— Supplied data —
- - -
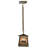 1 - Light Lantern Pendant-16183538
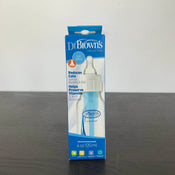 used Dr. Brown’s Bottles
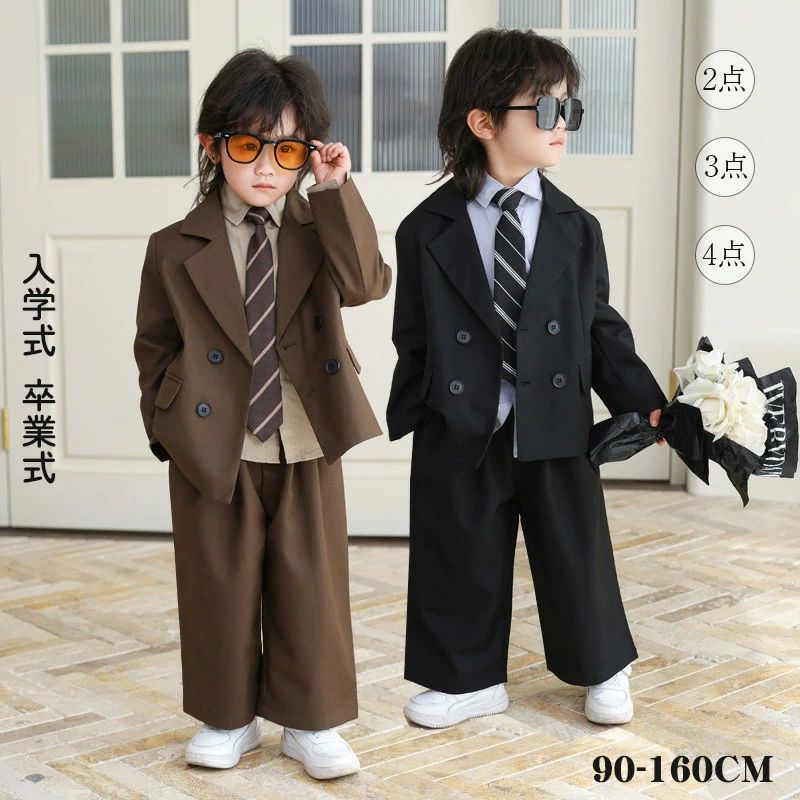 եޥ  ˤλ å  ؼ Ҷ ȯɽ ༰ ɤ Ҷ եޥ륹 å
- - -
Wherever a picture appears in the material above, skip it and copy the rest without change.

— Answer area —
 1 - Light Lantern Pendant-16183538
 used Dr. Brown’s Bottles
 եޥ  ˤλ å  ؼ Ҷ ȯɽ ༰ ɤ Ҷ եޥ륹 å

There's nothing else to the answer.